Pour the brine in to fully submerge the pickles, leaving some “head space” at the top. Seal, but not too tightly.

Step 4: Wait.

Here’s the tricky part. The length of time depends on the temperature of the environment the pickles are in. A hot kitchen is going to ferment much faster than a cool basement pantry. The temperature and time of the fermentation will also yield different results. Hot and fast ferments tend to be more tangy, with a softer texture, and shorter shelf life. Longer, cooler ferments will retain more crunch and have a chance to develop more complex, subtle flavours, and last longer.

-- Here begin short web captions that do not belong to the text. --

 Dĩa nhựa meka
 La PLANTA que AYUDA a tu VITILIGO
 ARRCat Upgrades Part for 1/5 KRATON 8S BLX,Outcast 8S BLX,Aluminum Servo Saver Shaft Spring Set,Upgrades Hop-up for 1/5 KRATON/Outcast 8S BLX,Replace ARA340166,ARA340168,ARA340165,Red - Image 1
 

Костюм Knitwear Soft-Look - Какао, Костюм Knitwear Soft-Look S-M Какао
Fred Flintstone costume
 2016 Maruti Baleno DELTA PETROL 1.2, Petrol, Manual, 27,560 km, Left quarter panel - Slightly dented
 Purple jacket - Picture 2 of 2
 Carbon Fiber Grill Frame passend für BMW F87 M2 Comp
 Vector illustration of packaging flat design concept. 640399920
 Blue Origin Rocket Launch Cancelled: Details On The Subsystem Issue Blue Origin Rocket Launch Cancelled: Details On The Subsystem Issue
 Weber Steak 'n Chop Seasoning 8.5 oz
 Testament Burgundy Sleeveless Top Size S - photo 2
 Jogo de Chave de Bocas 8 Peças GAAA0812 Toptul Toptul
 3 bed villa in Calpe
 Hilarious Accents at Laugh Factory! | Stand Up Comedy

You may want to try splitting your batch and placing in different areas (temps) of your home to get different results. As a general rule of thumb, check your pickles every 3-5 days to monitor progress. This also allows some of the gasses to escape so you don’t have too much pressure building up in your jars. 3-6 weeks is a fairly typical ferment time. You can also test for “doneness” by slicing into one of the cucumbers – if it looks sort of translucent all the way through, its officially fermented. If you want to let it develop a little longer for more complex flavours, simply move to a cool area such as cold storage or the fridge.

The idea is to have the flexibility to make them your way. Be experimental; try new flavour combinations and time durations. Enjoy the surprise that comes with opening each new batch and the different nuances of that particular living food. And be sure to let us know how it goes for you! Half the fun is sharing your results. We hope this new method of pickling will provide you with a new option for preserving food and including fermented foods in your diet and of course save you some time and effort in the process. Enjoy!